Since Jan, I strength train 4 times a week and spin twice a week and after 6 weeks of this routine, I have discovered a new found respect for my body and what it can do. Every week, I’m impressed by how my body can better it’s performance of last week. Whether it’s more reps, heavier weights, more resistance on the spin bike – each little thing makes me so proud!

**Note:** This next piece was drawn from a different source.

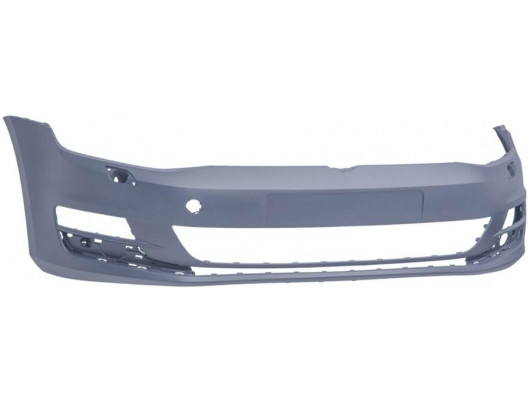 TAMPON ÖNFAR YIKAMALI ASTARLI VW GOLF VII 2013-2016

The real hit actually came yesterday when I was in my spin class and I decided to up my effort (as in my previous class I felt like I was slacking a little) so I increased my resistance on the bike, so that by the end of the class I was just a tiny bit away from full resistance. The last 5 mins of the class were torture but inside I was screaming at myself that I would NOT turn the resistance down, kept my focus and kept pushing. When the class was finished, first I felt sick, but then I felt incredible. I got home, looked in the mirror and just thought to myself – yes, well done awesome body of mine – you did a great job. My perception of my body is changing and I’m starting to see a strong body that I can shape, mould and transform into something wonderful. It goes to show that so much of how we see ourselves isn’t about our eyes, it’s about our minds.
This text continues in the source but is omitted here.